→ **ACTIVITY**:
Below are records with pictures in them. Transcribe everything from the line containing "Anime Scene Girls" down to the line containing "POLITICAL Map of Eswatini", exactly, and leave the pictures behind.

-------- LISTED ENTRIES --------

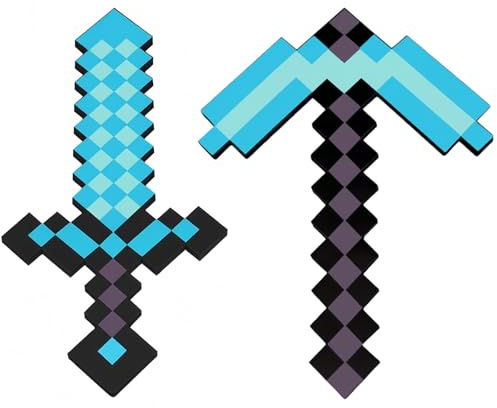 Milygobam 2 Pack Foam Sword and Pickaxe Toys, Block-Style Foam Swords, Toy Swords for Boys, Safe Role-Play Battle Gear, Ideal for Children's Home Outdoor Fun Halloween
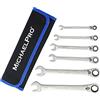 MichaelPro MP001139 - Set di chiavi combinate ad anello con cricchetto reversibile, metrica, 6 pezzi, 8,10,12,13,17,19 mm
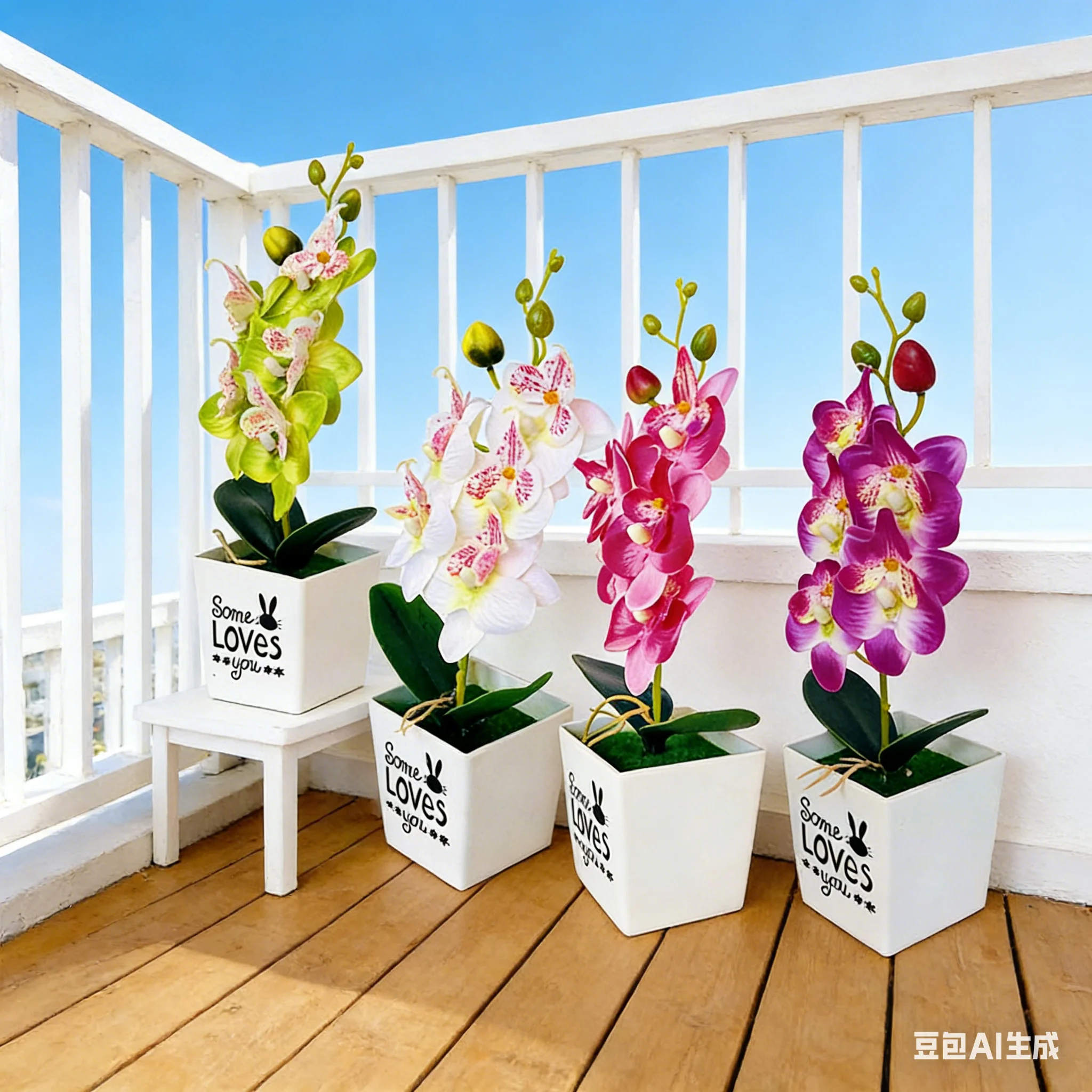 

4 шт. искусственных цветов, имитация орхидеи-бабочки в горшке, искусственные растения для декора дома, сада, улицы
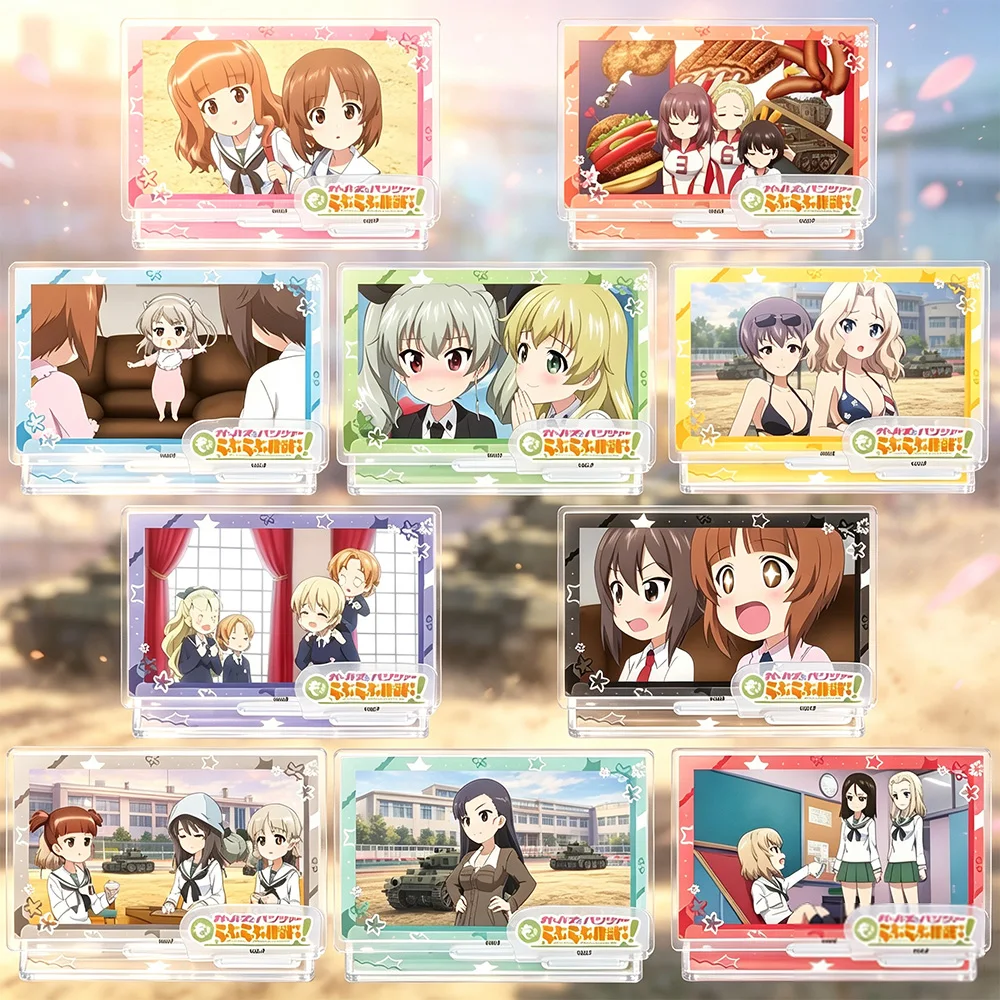 Anime Scene Girls und Panzer Miho Saori Maho Alice Anchovy Darjeeling Classic Frame Acrylic Keychain Figure Collectible Gift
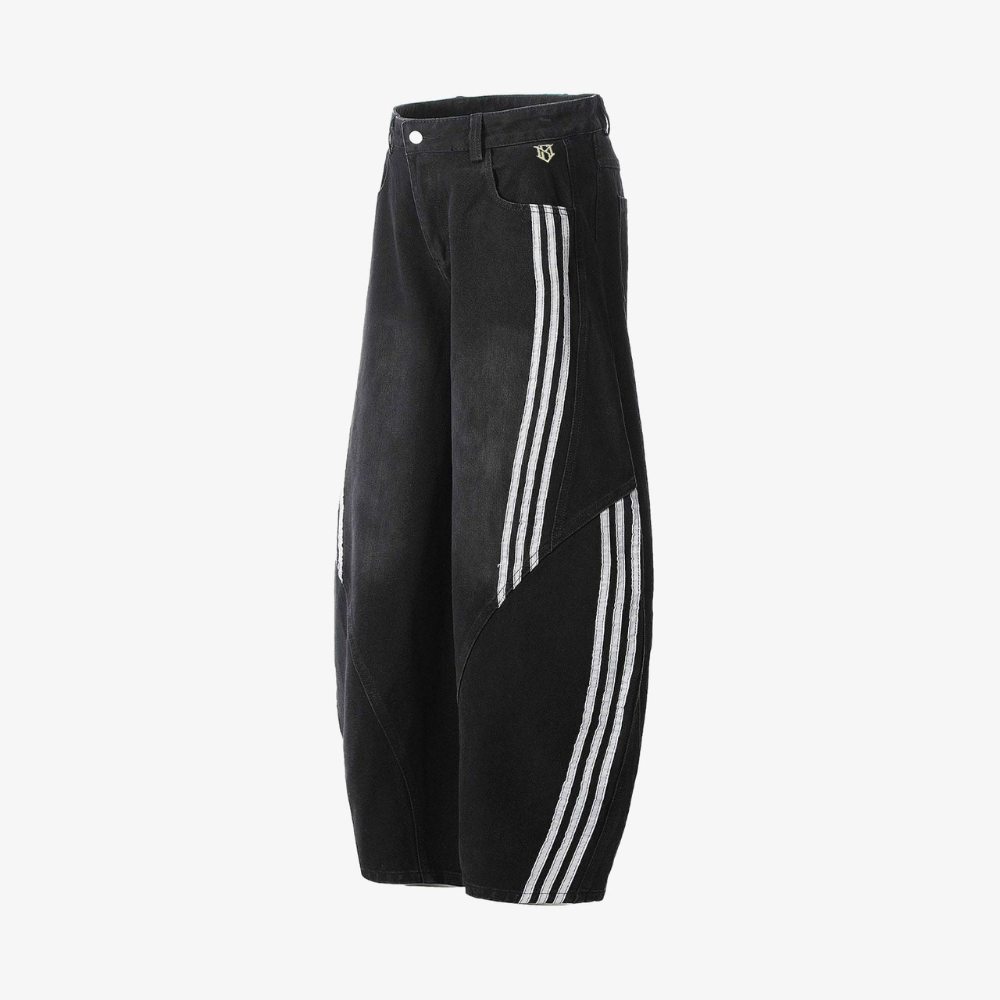 Denim Striped Barrel Jeans - Black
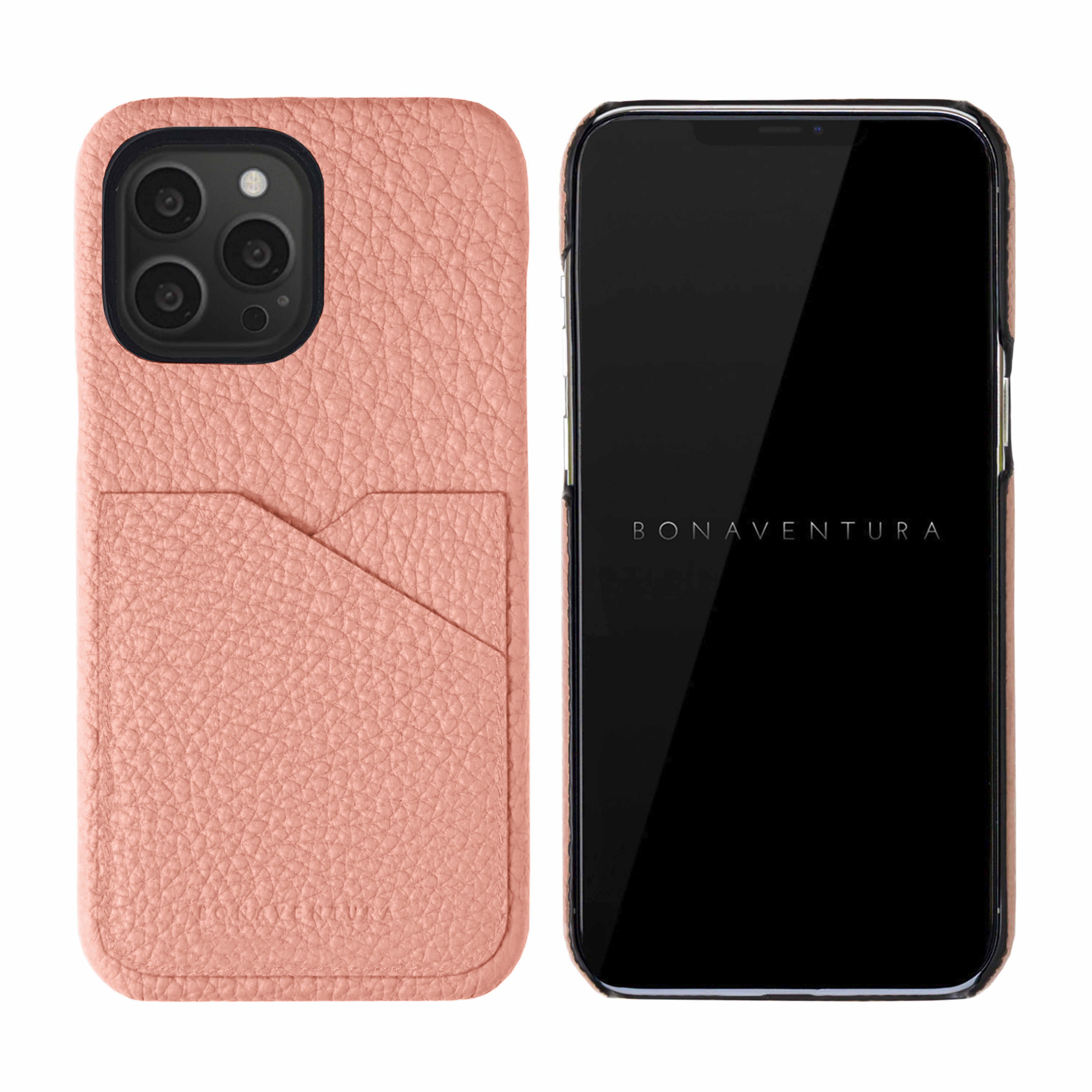 iPhone 13 Pro Back Cover Case Shrink Leather (Coral Pink)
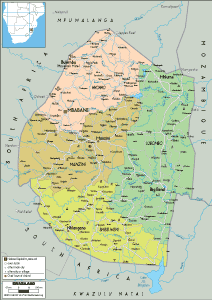 POLITICAL Map of Eswatini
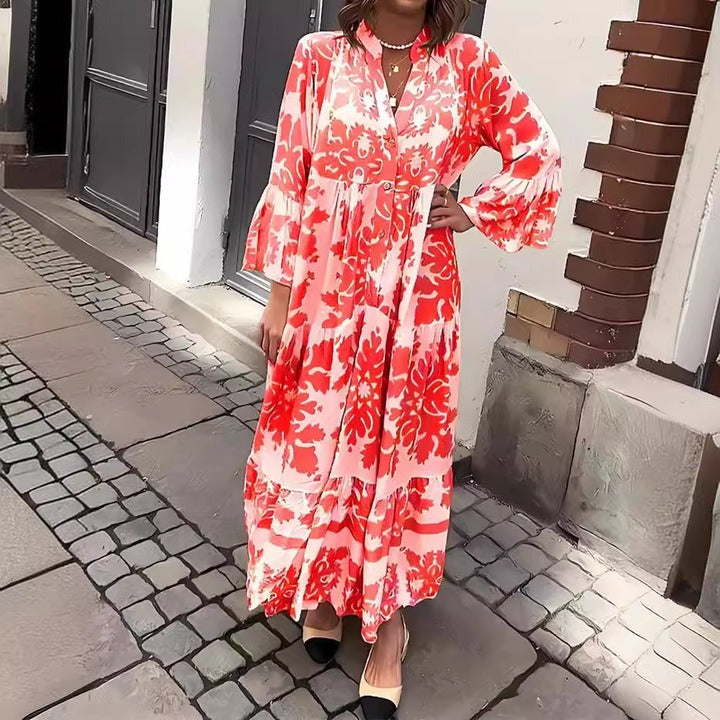 Chic V-Neck Maxi Dress with Elegant 3/4 Sleeves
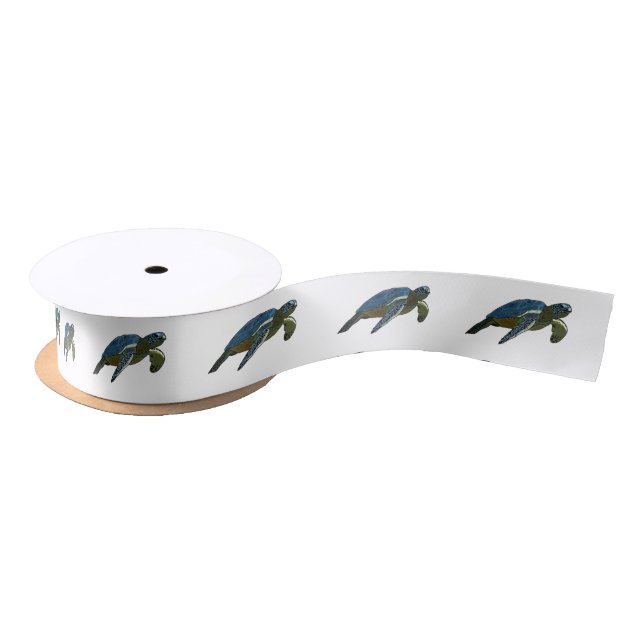 Sea turtle cartoon illustration satin ribbon (Spool)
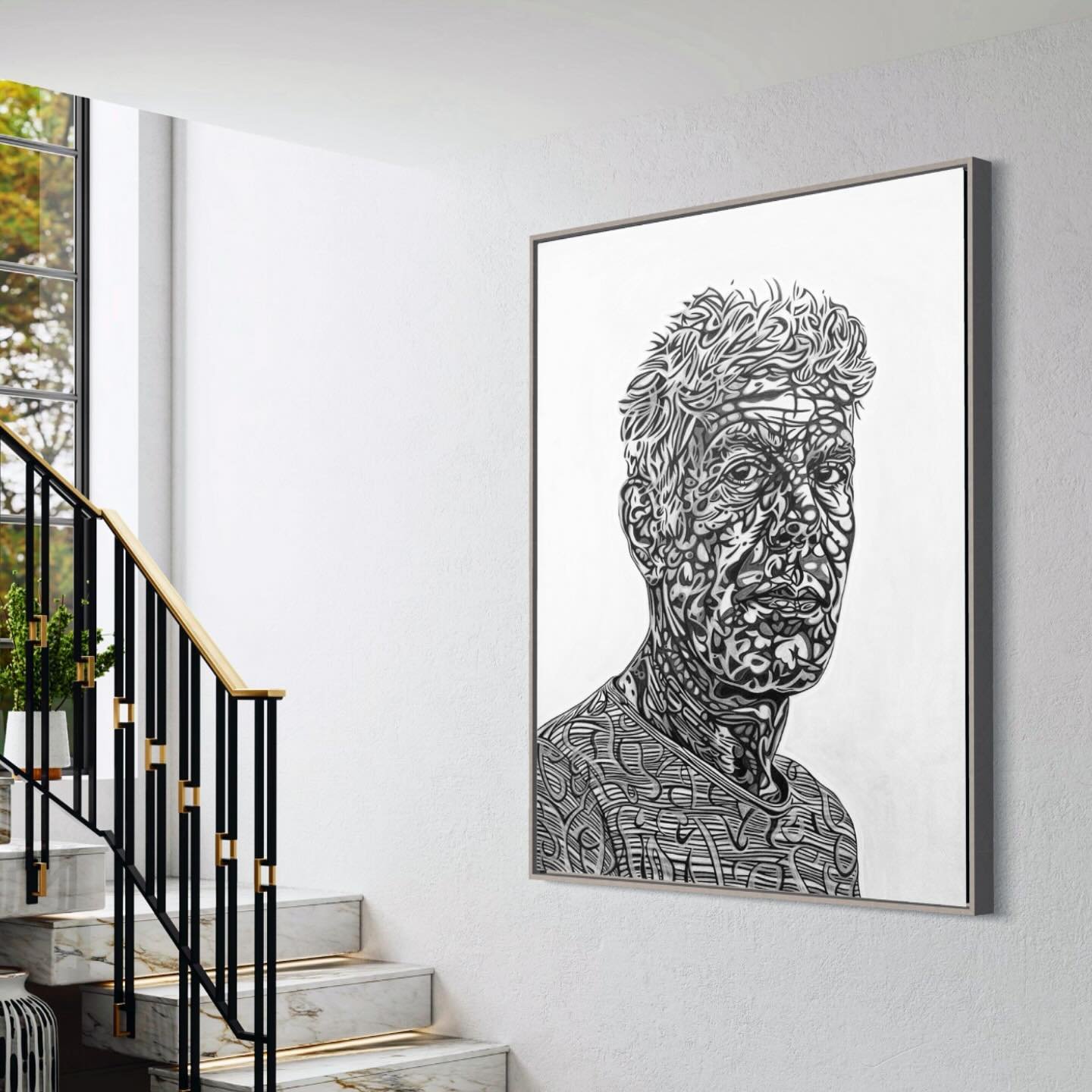 Bourdain - Charcoal &amp; chalk on paper ✏️ 

Big experiment this one. Can&rsquo;t recall the last time I worked with charcoal &amp; chalk. All kinds of issues including a kids hand print that smudged it early on. Framed now and looking sharp as a bu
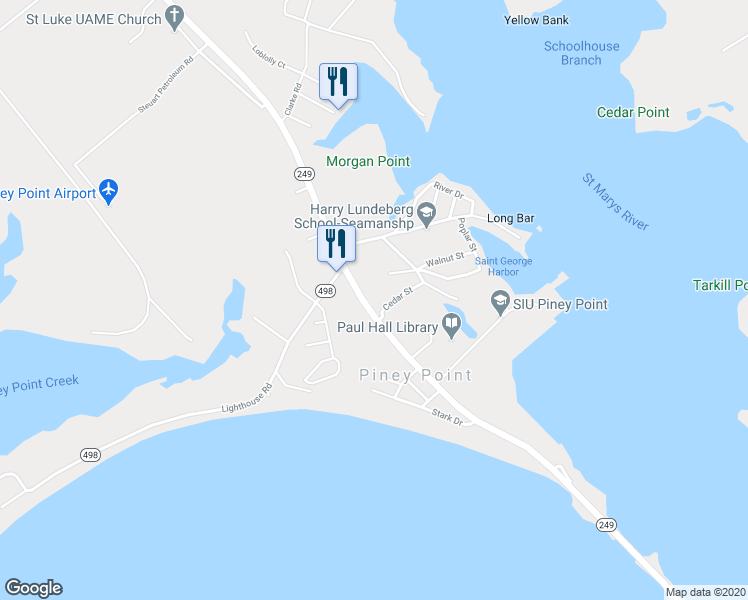 map of restaurants, bars, coffee shops, grocery stores, and more near 17368 Piney Point Road in Piney Point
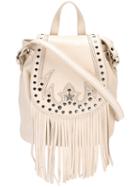 Just Cavalli Fringed Shoulder Bag, Women's, Nude/neutrals, Calf Leather
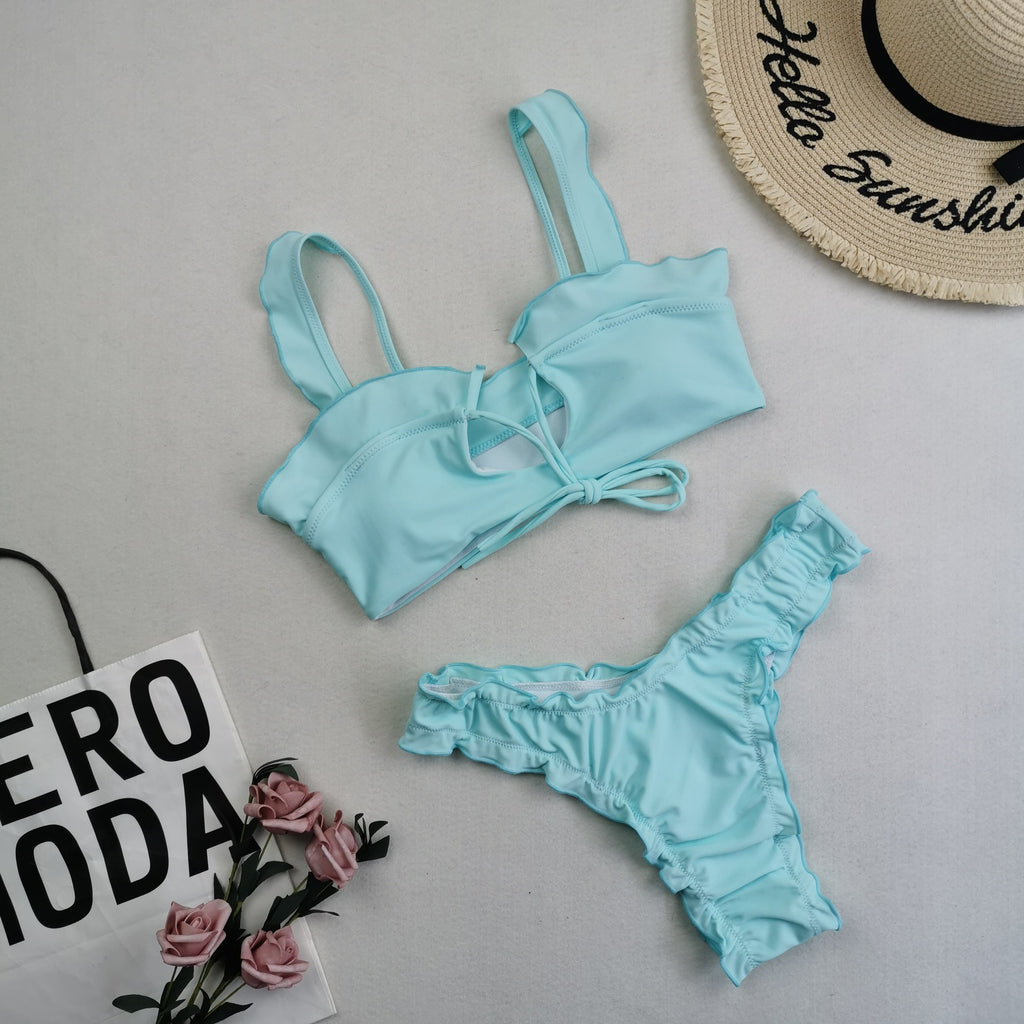 Maillot de bain imprimé multicolore pour femme, bikini frais, en dentelle fendue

--------

→ **WRITTEN ANSWER**:
 Anime Scene Girls und Panzer Miho Saori Maho Alice Anchovy Darjeeling Classic Frame Acrylic Keychain Figure Collectible Gift
 Denim Striped Barrel Jeans - Black
 iPhone 13 Pro Back Cover Case Shrink Leather (Coral Pink)
 POLITICAL Map of Eswatini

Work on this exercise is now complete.